Gallery3 “represents a diverse range of Canada’s most talented contemporary artists, established or up-and-coming,” according to their website.

Although there are no concrete criteria, the gallery works with the St. Laurent + Hill gallery in Ottawa to initiate the monthly artist into a more formal gallery setting in the nation’s capital.

Enter Kaarsemaker. Already a celebrated artist due to the inclusion of his work in the Newfoundland Provincial Art Bank Collection, The Rooms Provincial Art Gallery, and the City of St. John’s Art Procurement Collection, Kaarsemaker is currently working on his Master of Fine Arts at the University of Ottawa.

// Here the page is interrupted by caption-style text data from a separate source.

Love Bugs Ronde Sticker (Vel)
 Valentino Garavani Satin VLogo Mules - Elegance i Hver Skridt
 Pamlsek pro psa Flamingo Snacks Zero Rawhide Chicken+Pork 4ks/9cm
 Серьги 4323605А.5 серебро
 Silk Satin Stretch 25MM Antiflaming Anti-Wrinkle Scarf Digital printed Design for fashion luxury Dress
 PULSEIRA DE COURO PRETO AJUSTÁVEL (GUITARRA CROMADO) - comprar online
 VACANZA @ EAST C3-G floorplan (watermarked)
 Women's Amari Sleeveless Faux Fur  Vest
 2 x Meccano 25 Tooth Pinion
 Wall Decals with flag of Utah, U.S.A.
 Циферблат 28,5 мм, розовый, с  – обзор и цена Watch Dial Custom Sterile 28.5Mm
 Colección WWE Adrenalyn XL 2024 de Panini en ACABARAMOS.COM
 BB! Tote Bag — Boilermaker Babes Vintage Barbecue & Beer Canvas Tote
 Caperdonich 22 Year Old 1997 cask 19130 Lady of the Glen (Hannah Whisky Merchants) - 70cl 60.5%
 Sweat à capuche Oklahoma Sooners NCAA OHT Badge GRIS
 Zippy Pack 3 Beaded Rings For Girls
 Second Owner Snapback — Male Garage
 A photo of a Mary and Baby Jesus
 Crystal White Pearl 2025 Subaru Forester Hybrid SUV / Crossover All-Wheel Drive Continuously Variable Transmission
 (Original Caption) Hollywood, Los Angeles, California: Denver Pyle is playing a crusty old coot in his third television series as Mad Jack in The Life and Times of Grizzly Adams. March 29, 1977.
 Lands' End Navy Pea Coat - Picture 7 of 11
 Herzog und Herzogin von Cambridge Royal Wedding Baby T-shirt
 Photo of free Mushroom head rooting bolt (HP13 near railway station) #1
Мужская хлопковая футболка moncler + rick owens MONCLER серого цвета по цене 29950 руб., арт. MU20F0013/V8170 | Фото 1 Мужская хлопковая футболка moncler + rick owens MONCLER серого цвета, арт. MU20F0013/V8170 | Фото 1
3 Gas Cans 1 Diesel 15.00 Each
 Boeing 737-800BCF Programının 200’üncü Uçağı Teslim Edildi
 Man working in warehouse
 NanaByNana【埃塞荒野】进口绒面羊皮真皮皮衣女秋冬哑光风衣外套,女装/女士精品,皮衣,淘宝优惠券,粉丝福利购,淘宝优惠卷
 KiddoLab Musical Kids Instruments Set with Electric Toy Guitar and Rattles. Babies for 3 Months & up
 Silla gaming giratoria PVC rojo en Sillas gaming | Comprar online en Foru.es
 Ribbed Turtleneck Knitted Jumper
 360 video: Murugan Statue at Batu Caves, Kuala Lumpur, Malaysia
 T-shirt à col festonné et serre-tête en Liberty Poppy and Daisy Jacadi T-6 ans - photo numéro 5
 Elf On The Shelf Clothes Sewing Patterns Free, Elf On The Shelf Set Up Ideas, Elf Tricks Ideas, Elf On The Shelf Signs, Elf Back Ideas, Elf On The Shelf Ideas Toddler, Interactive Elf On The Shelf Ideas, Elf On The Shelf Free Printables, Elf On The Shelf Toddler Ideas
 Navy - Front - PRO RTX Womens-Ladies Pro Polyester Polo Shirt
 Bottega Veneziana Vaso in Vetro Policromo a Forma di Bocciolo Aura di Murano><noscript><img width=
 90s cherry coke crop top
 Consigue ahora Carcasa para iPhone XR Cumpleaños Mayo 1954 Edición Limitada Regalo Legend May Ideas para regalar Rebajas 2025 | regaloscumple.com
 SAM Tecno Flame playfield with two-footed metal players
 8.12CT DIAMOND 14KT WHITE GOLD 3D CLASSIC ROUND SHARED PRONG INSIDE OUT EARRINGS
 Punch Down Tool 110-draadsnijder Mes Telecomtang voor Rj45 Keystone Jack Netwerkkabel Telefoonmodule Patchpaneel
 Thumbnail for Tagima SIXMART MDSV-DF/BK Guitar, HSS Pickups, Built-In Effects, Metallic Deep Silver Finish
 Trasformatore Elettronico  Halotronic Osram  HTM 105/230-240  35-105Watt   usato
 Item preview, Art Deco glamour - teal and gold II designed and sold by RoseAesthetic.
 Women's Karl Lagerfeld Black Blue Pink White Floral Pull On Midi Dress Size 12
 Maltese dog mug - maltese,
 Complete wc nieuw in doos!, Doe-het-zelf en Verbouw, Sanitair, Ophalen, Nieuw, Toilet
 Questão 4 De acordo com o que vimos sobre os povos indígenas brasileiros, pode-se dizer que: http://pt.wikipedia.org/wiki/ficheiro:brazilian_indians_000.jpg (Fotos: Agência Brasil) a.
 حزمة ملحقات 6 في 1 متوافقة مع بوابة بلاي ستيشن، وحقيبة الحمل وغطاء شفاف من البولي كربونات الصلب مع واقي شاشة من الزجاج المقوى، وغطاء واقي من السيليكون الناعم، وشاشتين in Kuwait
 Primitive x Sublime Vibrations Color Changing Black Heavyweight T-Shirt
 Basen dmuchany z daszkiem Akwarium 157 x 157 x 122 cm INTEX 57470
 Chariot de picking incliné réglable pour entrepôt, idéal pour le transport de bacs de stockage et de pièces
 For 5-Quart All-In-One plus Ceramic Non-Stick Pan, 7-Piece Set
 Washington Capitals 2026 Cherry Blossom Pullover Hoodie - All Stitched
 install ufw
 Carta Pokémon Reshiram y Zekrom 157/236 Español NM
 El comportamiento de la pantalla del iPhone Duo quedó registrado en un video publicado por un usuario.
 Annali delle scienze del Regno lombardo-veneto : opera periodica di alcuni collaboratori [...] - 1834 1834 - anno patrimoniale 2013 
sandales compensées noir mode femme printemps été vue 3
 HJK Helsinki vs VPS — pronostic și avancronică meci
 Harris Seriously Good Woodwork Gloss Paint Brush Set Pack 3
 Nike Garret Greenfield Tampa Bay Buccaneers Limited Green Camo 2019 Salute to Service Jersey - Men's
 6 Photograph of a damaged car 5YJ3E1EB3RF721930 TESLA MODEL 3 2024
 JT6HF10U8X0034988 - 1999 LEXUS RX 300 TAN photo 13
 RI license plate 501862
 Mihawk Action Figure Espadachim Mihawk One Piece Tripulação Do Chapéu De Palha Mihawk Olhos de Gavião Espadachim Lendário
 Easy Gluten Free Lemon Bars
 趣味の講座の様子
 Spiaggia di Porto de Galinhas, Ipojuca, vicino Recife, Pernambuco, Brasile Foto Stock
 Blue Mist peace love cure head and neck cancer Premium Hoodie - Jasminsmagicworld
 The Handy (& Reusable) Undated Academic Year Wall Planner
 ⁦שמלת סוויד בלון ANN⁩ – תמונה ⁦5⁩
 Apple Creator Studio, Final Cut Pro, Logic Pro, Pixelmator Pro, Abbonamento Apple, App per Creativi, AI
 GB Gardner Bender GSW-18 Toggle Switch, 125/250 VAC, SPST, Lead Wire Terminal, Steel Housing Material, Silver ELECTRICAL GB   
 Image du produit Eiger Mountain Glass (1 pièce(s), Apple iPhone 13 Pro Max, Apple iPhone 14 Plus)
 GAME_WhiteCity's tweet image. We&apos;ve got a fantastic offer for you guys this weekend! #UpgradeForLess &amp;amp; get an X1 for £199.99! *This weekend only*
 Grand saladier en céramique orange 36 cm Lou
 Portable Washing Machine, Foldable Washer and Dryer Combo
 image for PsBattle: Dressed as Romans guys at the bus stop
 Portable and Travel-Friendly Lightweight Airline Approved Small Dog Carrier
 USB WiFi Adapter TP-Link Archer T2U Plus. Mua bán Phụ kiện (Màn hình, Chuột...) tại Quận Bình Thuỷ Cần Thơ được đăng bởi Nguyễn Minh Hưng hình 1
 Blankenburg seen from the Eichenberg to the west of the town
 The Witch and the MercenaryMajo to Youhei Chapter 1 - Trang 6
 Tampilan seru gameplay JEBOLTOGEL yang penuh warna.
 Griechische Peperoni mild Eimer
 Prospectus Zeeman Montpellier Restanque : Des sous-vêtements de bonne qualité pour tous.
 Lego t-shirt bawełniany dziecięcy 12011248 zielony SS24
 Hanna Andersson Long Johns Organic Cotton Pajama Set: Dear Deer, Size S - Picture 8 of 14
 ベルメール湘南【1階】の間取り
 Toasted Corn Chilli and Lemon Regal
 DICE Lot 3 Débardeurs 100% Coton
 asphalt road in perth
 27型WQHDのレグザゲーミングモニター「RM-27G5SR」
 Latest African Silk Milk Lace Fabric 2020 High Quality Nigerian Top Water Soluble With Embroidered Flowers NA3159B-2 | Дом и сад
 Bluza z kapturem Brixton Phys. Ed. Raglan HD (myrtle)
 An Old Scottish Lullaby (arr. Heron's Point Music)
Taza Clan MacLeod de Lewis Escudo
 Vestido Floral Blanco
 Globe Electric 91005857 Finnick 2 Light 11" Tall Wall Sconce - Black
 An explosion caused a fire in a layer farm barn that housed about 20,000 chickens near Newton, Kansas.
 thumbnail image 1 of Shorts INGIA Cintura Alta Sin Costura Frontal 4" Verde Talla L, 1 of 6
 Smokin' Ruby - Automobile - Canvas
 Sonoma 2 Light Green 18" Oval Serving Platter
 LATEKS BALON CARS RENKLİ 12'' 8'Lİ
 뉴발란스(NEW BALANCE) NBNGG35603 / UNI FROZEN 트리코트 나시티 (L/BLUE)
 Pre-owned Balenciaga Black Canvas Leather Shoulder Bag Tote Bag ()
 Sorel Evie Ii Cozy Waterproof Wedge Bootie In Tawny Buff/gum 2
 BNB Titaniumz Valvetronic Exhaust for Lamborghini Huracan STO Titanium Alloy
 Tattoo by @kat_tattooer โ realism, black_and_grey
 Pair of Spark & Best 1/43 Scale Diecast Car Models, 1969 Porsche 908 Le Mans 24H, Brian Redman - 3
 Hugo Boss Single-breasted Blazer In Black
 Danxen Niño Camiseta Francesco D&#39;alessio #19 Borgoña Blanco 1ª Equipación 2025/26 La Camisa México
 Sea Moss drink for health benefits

Kaarsemaker’s style lines itself with illusionism, dealing mostly with different angles of perception in one work. Kaarsemaker said the inspiration behind his art comes from the different ways people interpret their surroundings.

“I like to think about how we are each surrounded by space, each of us in our individual soap bubbles of perception,” he said. “I want to celebrate the beauty of the broken and transparent spaces that open as forms emerge out of and dissolve back into the raw surface of the canvas.”

Kaarsemaker also said his interest in different natural environments is influenced by where he has lived.

Born in Chicago, raised in British Columbia and Burkina Faso, Kaarsemaker said he utilizes the change in his life as an aid to celebrate different ways of perceiving.

“Having moved in and out of different environments has forced me to continually recalibrate,” he said. “At the same time, changing environments helps me to maintain a sense of wonder and sensitivity.”

Gallery worker Brendan de Montigny said Gallery3 is continually trying to bring new people to the gallery and to the ArtWalk.

“Every month we assemble small groups of about 50 people each from different community groups associated with the gallery so that they may come together after hours as a group to sample this new art,” he said.

Gallery3’s social media representative Melodie Sadler said she has high hopes for the ArtWalk in Ottawa.

“We hope to attract a younger audience to the art scene in Ottawa,” she said.

Sadler explains that the ArtWalk in Ottawa is one of many events in large cities worldwide that aim to exhibit new art.

“If you Google ‘First Thursdays,’ results for events in cities such as Toronto will appear. We hope to extend that trend of local art to Ottawa,” Sadler said.